Typically, Speaker races are internal affairs and outsiders intervene at their own risk. But this time the exceptions blew a hole (possibly permanently) in the rule. The big funders of the Texas GOP were hell-bent on deposing Phelan; once the caucus had selected Cook, they were all-in on him, threatening censure and even worse to GOP members who did not toe the company line. The Four Horsemen of the Texapocalypse – Abbott, Patrick, Paxton, and Ag Commissioner Sid Miller – enthusiastically rallied for Cook. Of course, given the strained relatiosnhips between House members and Abbott/Patrick/Paxton, this may have been counterproductive.
In the first round of voting, Burrows received 71 votes, Cook 56, and Ramos 23. Under the rules, Ramos was now out and the runoff was between Burrows and Cook. Burrows won, 85-55. Burrows’ votes cames from 49 Democrats and 36 Republicans, prompting immediate squawking and primary threats from the MAGA establishment.

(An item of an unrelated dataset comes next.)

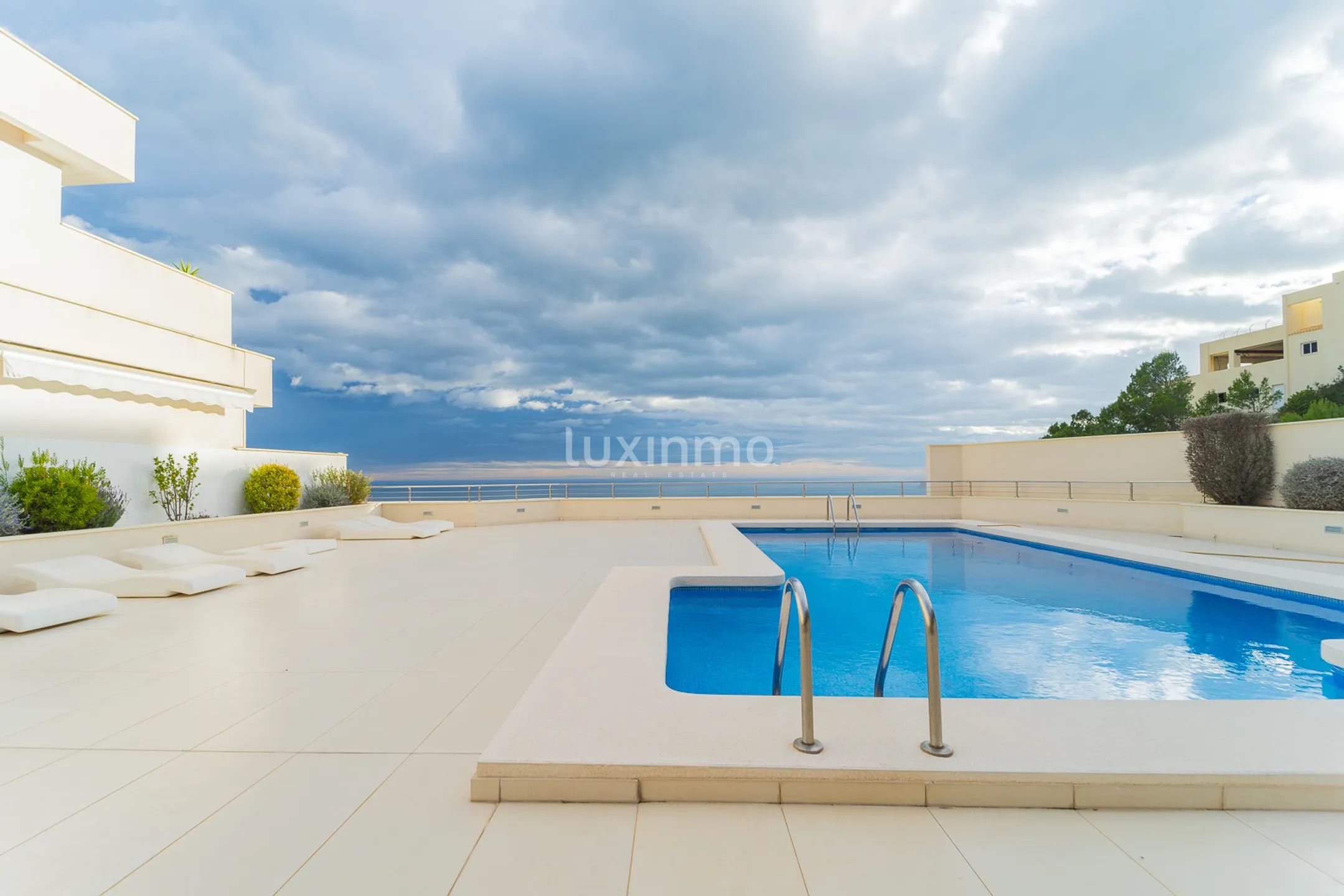 Penthouse with swimming pool and sea views in Mare Nostrum — photo 26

(The best day of his session: Rep. Dustin Burrows wins the Speaker’s race. It’s all downhill from here.)
The breathless tone of my reporting and th sheer profundity of my analysis may lead you to believe that the triumph of Burrows over Cook augurs some cosmic improvement in the lot of Texans, some Dawning of the Age of Aquarius for you amd me and Bobby McGee. But that will not be. Except on one or two issues, the House will continue to vie with the Senate to enact the most reactionary legislation in the entire nation. In our sepia-toned retrospective of Phelan and his predecessor, Dennis Bonnen, we lionize their commitment to keep the House independent but neglect that the Legislature still passed some of the most draconian legislation in the country – a near-total ban on abortion, restriction on rights for trans people, especially minors, and the creation and funding of an army for the noble but entirely performative goal of protecting our border. Meanwhile, the Lege pissed away a $32 billion surplus last session without managing to give teachers a pay raise or schools an inrcease in their per-pupil allotment.
In the big picture, the state’s yawning problems remain unaddressed: a water crisis exacerbated by years of drought; environment degradation worsened by the extractive industries who remain supreme in the back corridors of power; and the looming health care crisis in rural parts of the state.
Hey, but at least Burrows won, right?
Excellent review. It might be worth mentioning an addition to the list of critical issues legislatively ignored: the upcoming power grid stress, if not failures, due to severe weather. I fear the lack of water and the abundance of heat will wither the bloom off our independently Texan lily. But the good news is climate change is a hoax, right?